*Required work*:
Exactly the lines from the start of the data below through the line containing "Generisch Badezimmerschrank schmal, Badschrank" must be returned, and no others.

*Data excerpts*:
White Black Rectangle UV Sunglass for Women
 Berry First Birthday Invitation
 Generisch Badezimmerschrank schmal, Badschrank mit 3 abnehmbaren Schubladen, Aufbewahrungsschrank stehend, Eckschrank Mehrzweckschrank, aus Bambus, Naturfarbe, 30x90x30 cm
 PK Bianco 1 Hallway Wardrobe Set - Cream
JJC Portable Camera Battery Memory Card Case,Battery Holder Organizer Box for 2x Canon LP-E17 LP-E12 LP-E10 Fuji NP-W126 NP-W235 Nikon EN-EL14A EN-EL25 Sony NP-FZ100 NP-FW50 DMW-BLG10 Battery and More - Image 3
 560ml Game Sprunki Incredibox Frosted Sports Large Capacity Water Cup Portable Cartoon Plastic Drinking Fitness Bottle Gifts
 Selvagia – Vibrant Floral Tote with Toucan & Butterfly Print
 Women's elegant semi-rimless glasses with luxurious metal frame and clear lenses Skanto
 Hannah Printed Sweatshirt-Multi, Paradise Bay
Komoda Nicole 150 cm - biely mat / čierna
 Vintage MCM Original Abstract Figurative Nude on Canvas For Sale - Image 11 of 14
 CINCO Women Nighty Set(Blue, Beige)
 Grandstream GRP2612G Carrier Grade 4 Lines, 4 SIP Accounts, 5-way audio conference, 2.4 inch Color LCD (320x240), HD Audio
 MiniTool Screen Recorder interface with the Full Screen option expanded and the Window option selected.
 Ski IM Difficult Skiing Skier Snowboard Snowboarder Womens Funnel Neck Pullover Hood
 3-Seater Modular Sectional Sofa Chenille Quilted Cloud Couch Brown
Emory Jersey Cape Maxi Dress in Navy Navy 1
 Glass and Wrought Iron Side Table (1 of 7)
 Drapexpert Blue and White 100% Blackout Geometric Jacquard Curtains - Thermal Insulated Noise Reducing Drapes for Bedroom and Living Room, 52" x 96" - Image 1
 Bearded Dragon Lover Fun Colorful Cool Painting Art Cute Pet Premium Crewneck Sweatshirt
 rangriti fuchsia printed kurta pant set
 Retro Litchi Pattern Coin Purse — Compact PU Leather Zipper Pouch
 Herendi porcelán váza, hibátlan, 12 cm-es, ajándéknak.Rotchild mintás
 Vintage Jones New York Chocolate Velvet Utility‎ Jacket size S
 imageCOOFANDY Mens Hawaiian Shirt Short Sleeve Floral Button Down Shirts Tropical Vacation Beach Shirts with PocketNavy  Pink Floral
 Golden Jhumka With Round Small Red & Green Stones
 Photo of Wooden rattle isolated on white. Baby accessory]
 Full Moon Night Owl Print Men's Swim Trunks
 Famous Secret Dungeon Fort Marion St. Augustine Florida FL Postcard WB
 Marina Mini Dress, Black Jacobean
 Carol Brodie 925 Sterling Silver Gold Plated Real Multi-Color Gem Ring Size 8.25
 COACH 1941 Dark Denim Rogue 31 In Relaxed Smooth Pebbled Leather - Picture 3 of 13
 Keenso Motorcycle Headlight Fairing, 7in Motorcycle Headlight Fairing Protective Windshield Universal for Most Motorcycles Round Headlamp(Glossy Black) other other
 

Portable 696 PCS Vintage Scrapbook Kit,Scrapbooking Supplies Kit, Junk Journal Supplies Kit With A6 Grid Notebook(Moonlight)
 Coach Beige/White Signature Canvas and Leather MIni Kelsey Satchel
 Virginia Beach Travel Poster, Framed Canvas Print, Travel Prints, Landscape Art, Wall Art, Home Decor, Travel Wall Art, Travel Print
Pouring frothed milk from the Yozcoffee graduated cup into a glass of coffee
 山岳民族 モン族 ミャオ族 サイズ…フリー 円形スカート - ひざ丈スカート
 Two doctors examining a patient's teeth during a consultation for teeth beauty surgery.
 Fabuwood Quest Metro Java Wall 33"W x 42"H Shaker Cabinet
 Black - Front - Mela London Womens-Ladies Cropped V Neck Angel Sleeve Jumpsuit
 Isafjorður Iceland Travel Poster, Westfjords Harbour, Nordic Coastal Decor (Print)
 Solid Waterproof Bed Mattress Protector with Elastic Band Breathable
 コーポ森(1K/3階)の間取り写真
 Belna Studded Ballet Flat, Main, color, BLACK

*Output for this exercise*:
White Black Rectangle UV Sunglass for Women
 Berry First Birthday Invitation
 Generisch Badezimmerschrank schmal, Badschrank mit 3 abnehmbaren Schubladen, Aufbewahrungsschrank stehend, Eckschrank Mehrzweckschrank, aus Bambus, Naturfarbe, 30x90x30 cm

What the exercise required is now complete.